Mucho más difícil les queda a los demagogos subir al poder en sistemas de partidos que suman siglos de tradición democrática casi ininterrumpida, como en algunos países de Europa. A esto se suma la falta de acuerdos interpartidistas, capaces de establecer hojas de ruta para el futuro de las naciones, donde todos los partidos se ponen de acuerdo en reconocer un mínimo de los logros de sus predecesores y no ven el poder como un espacio para desmontar todo lo que fue logrado antes. Ciertamente la falta de acuerdos interpartidistas facilita la llegada de falsos profetas que proponen (y algunas veces logran) romper con todo lo que vino antes.

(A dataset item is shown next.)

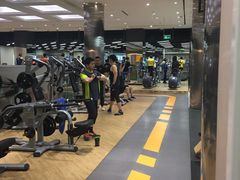 -威尔仕健身(金茂店)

Pero también los demagogos latinoamericanos saben leer bien la realidad, las preocupaciones y las desilusiones de sus conciudadanos. Por eso prometen, con ideas sacadas del sombrero y, por supuesto, imposibles de cumplir, eliminar de fondo injusticias como la corrupción desbordada o la inseguridad. Esto viene naturalmente acompañado por la premisa infaltable del charlatán promedio de la política, quien desde el simplismo convence a sus electores de que todo lo que vino antes es malo y puede mejorarse de un plumazo. Porque la demagogia no puede existir sin uno de sus pilares fundamentales: la sobresimplificación de la historia, llena de generalizaciones y de repetición de discursos fáciles de replicar: que siempre han gobernado los mismos, que todos los políticos son corruptos y que todos los medios de comunicación desinforman. Y así mismo, requiere de la reducción total de una disciplina tan amplia como la política a la repetición de consignas simples en dos o tres campos.
El panorama es aún más desalentador y trágico si se tiene en cuenta el tono alarmantemente antiinstitucional que ha llevado a que millones de personas en el mundo entero aplaudan los discursos farsantes que prometen destruir instituciones valiosas para la democracia, las cuales han tardado décadas enteras en construirse. El demagogo promedio suele ser, por lo general, un enemigo de la institucionalidad, en gran parte porque encuentra en las instituciones barreras que le impiden llevar a cabo un proyecto destructivo. ¡Otra razón para que defendamos las instituciones de ellos!
La charlatanería gusta y eso es innegable. Pero estos falsos profetas también son –y eso sí que los define– expertos en defraudar y en terminar sus gobiernos en medio de desastres que tardarán décadas enteras en ser reparados. Votar por candidatos demócratas y defensores de las instituciones siempre será una mejor idea, y un camino más seguro hacia cualquier definición de progreso que se busque como sociedad.